In the data below, find the line containing "Swedish Folk Art, Unique"; transcribe it and each line after it exactly, through the last, skipping pictures.

*Provided material*:
::::::::::

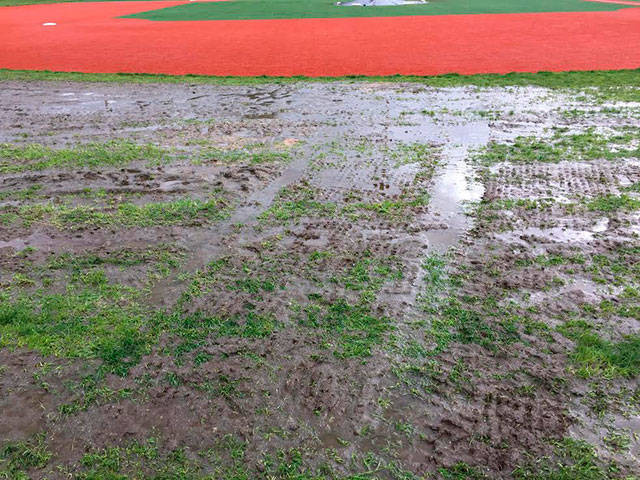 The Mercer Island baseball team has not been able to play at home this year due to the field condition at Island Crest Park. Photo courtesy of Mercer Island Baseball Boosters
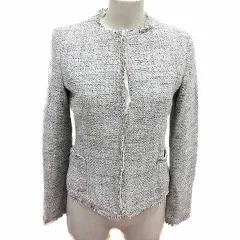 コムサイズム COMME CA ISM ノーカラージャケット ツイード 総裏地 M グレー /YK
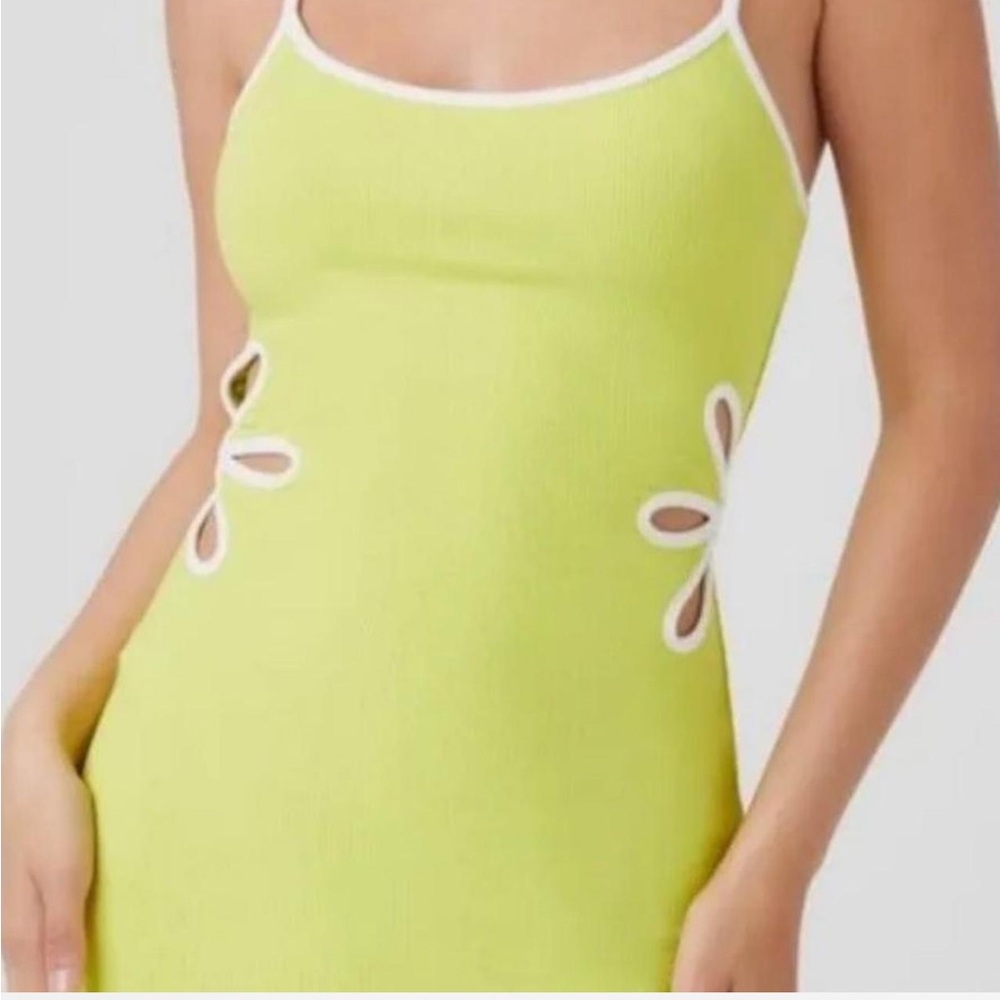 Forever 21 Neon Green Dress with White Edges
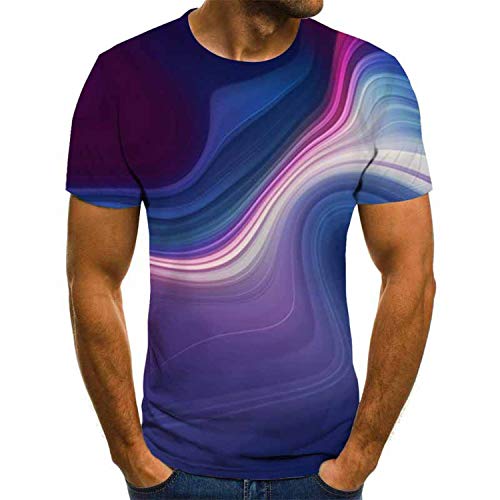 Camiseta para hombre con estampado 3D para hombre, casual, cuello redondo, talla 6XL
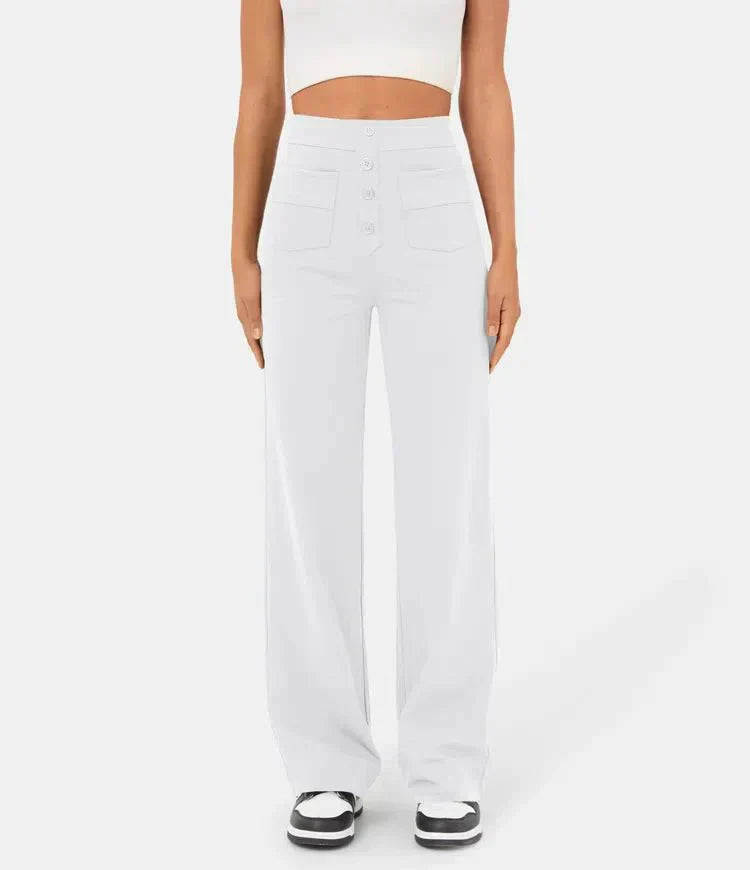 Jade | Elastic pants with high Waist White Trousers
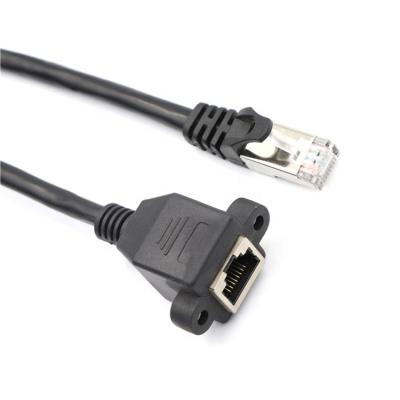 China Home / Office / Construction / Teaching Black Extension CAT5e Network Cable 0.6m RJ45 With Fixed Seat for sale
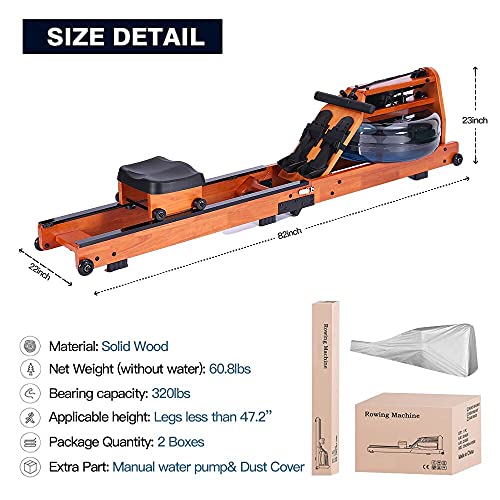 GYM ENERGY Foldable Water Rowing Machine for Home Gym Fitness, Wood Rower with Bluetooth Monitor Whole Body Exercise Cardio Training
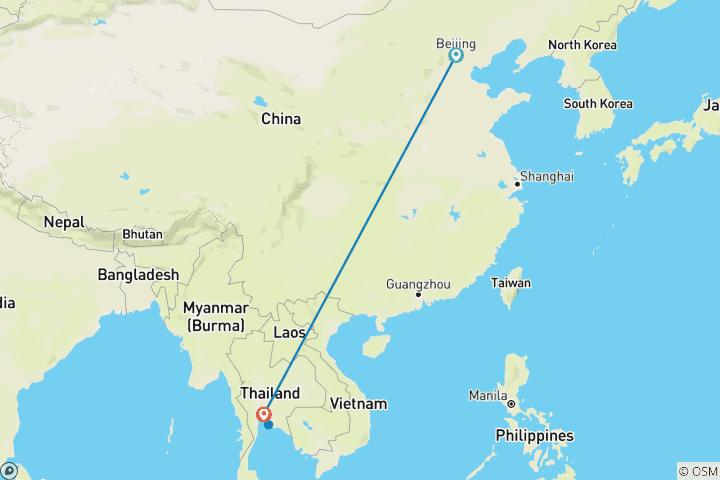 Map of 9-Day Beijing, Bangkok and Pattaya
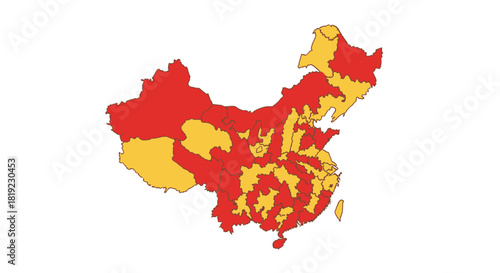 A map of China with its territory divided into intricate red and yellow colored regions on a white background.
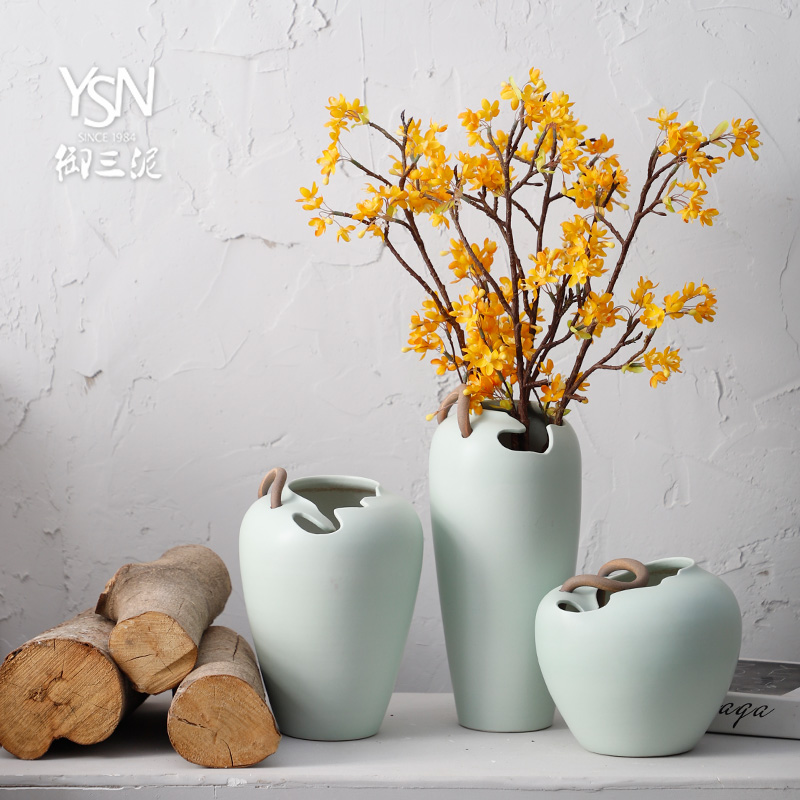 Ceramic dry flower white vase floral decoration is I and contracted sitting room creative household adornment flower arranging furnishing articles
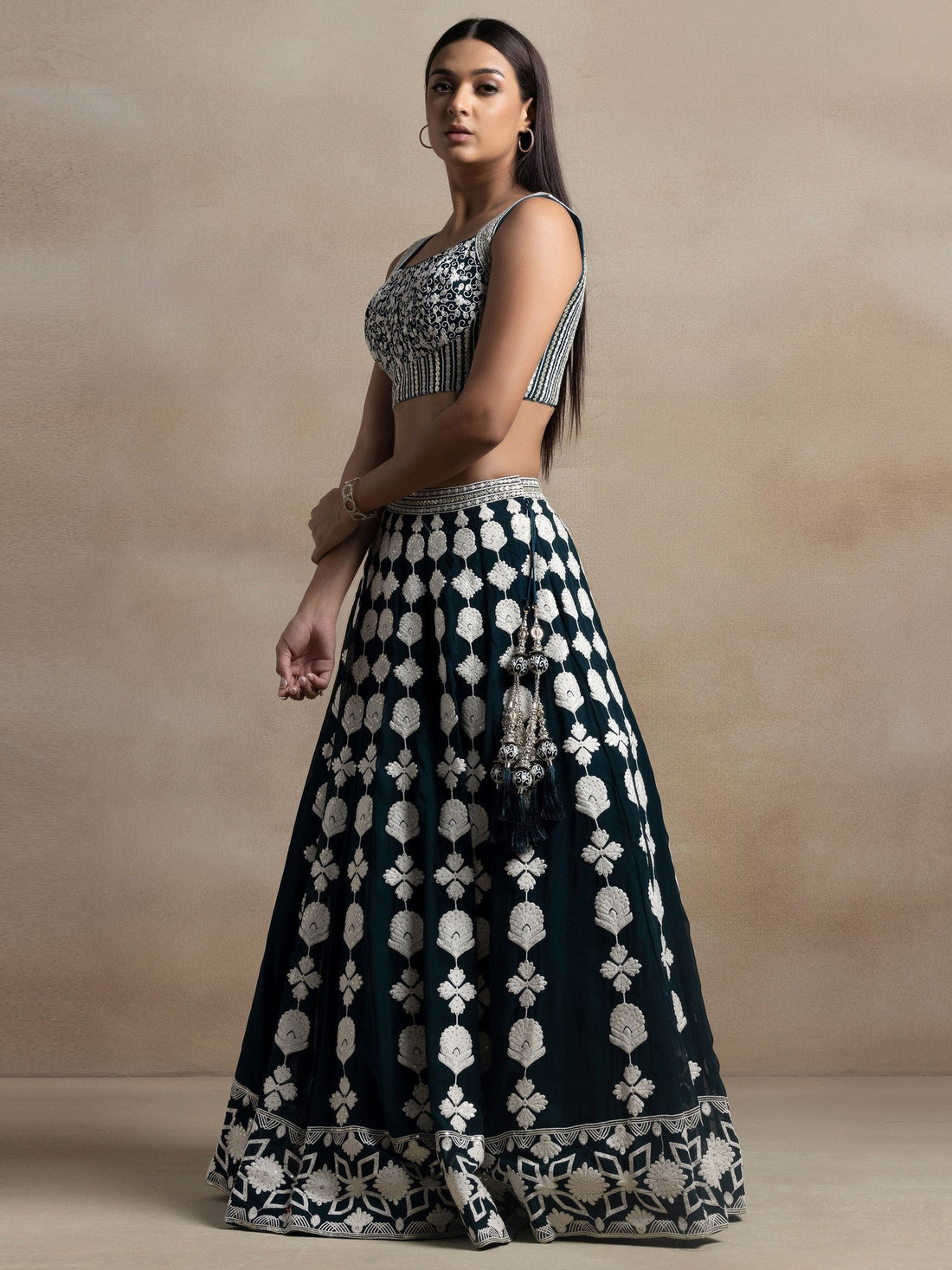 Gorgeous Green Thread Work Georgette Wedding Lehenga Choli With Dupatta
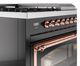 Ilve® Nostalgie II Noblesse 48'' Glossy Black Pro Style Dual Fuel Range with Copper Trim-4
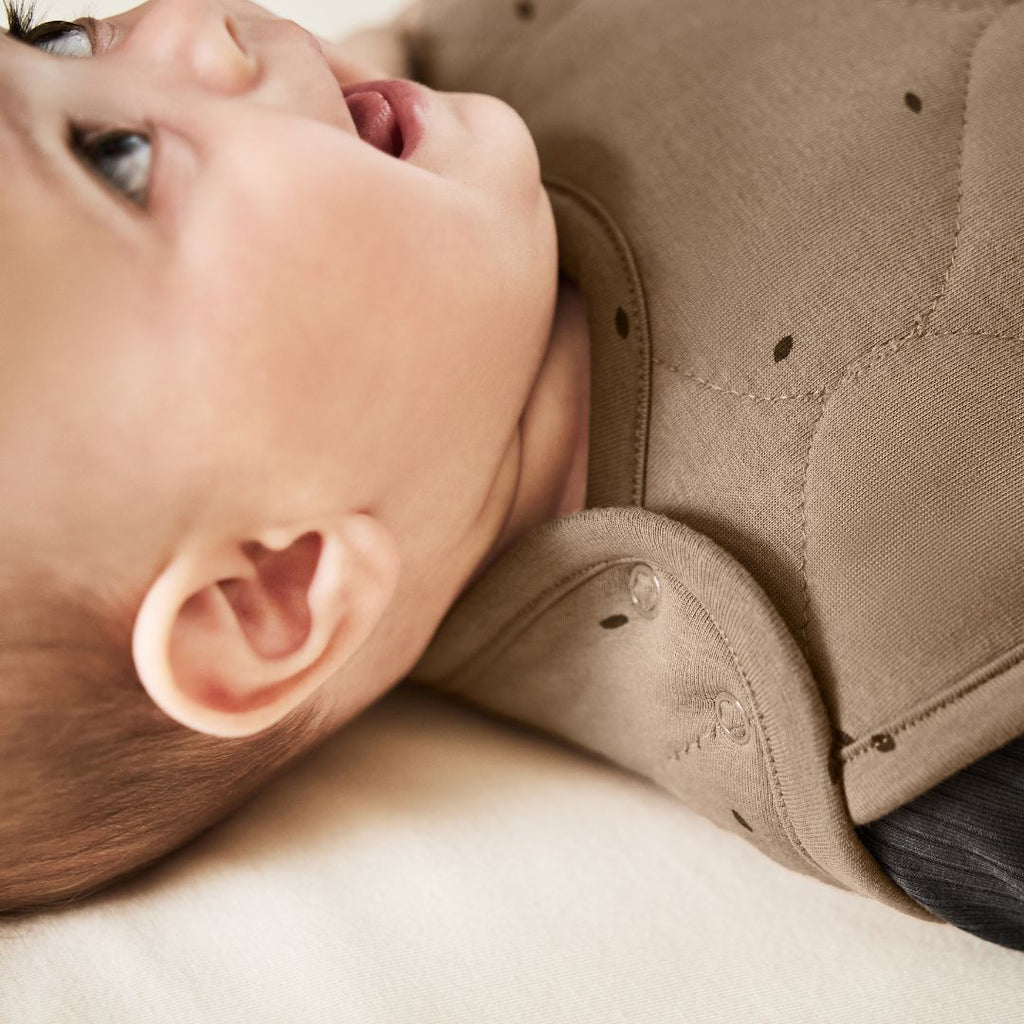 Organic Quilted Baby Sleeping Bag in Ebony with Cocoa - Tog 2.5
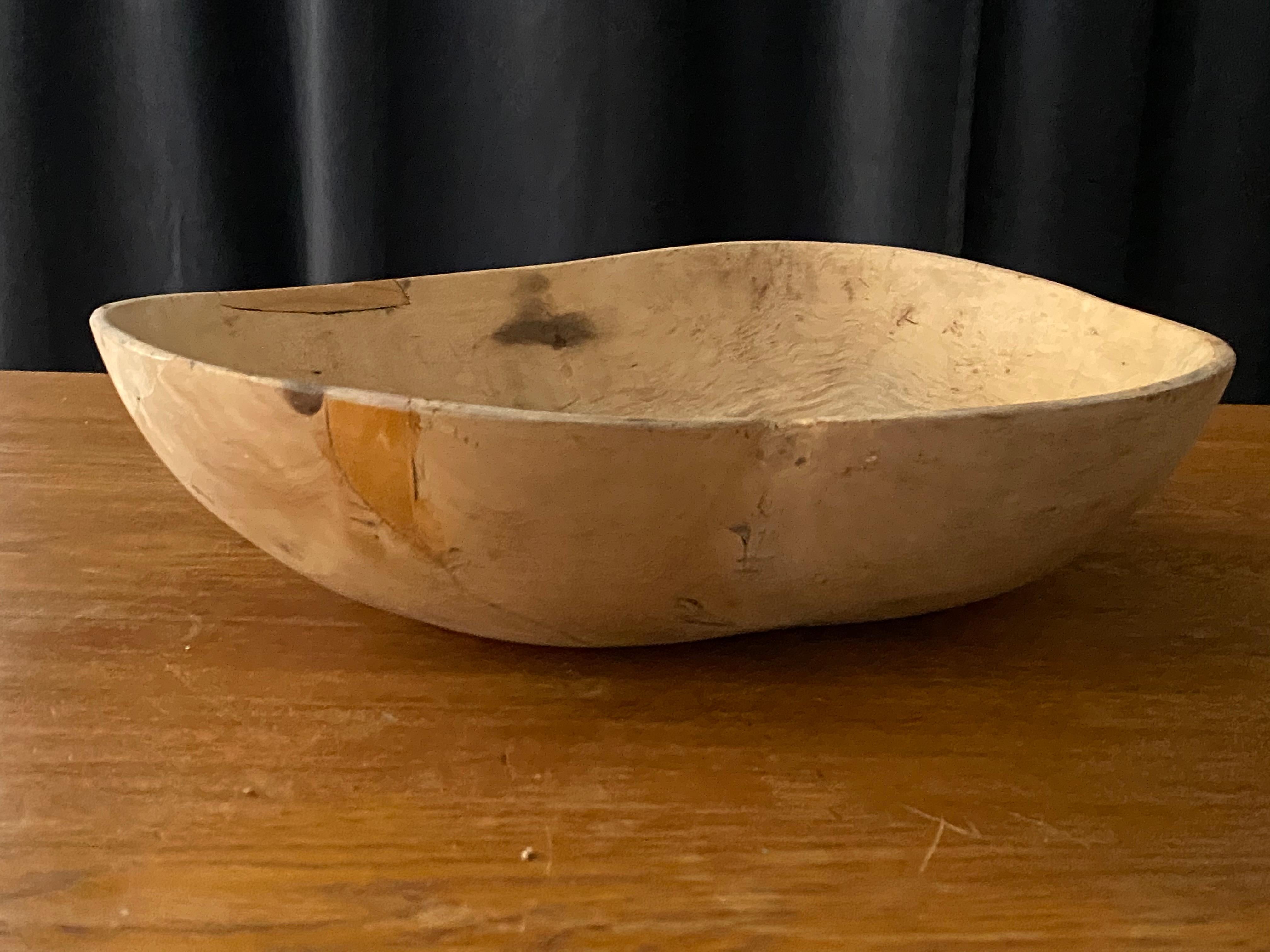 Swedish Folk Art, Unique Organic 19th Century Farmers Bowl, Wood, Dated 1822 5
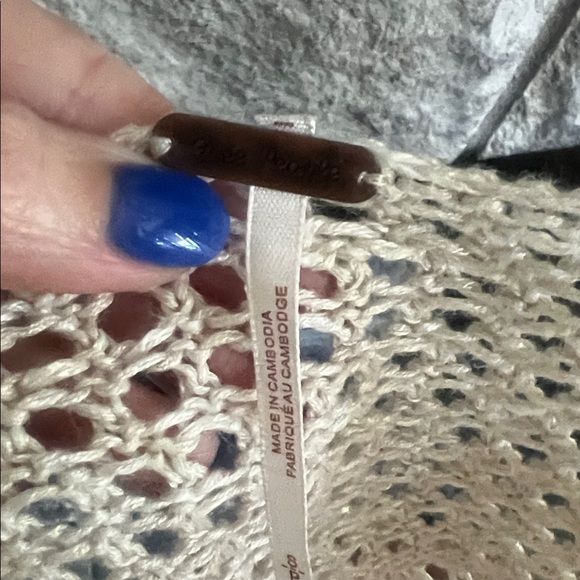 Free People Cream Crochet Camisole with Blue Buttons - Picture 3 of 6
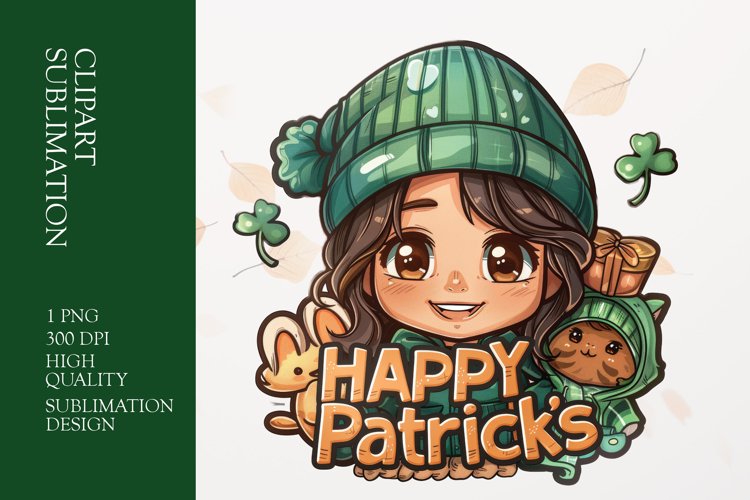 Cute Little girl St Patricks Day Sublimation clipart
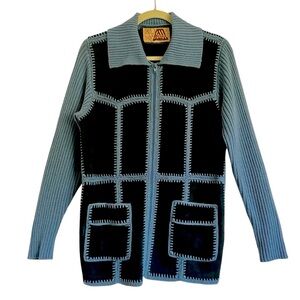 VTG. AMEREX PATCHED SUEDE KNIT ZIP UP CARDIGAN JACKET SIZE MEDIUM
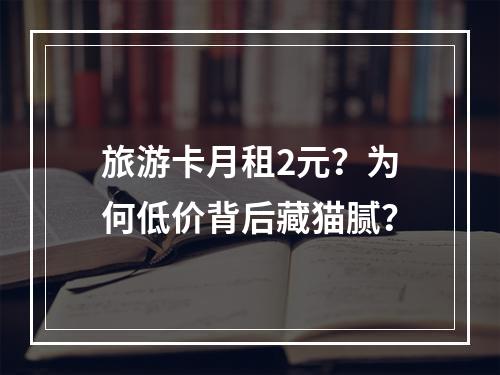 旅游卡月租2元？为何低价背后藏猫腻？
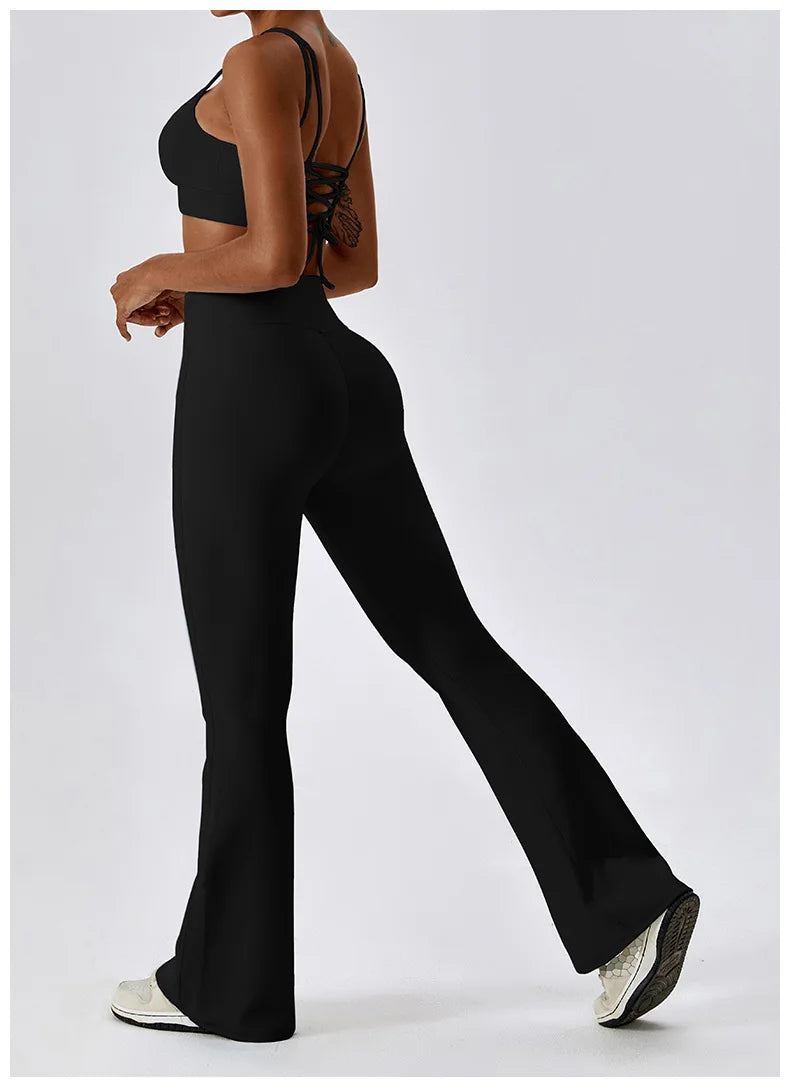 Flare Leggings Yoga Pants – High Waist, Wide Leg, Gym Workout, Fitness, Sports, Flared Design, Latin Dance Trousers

::::::::::

*Answer area*:
 Swedish Folk Art, Unique Organic 19th Century Farmers Bowl, Wood, Dated 1822 5
 Free People Cream Crochet Camisole with Blue Buttons - Picture 3 of 6
 Cute Little girl St Patricks Day Sublimation clipart
 VTG. AMEREX PATCHED SUEDE KNIT ZIP UP CARDIGAN JACKET SIZE MEDIUM
 旅游卡月租2元？为何低价背后藏猫腻？
 Flare Leggings Yoga Pants – High Waist, Wide Leg, Gym Workout, Fitness, Sports, Flared Design, Latin Dance Trousers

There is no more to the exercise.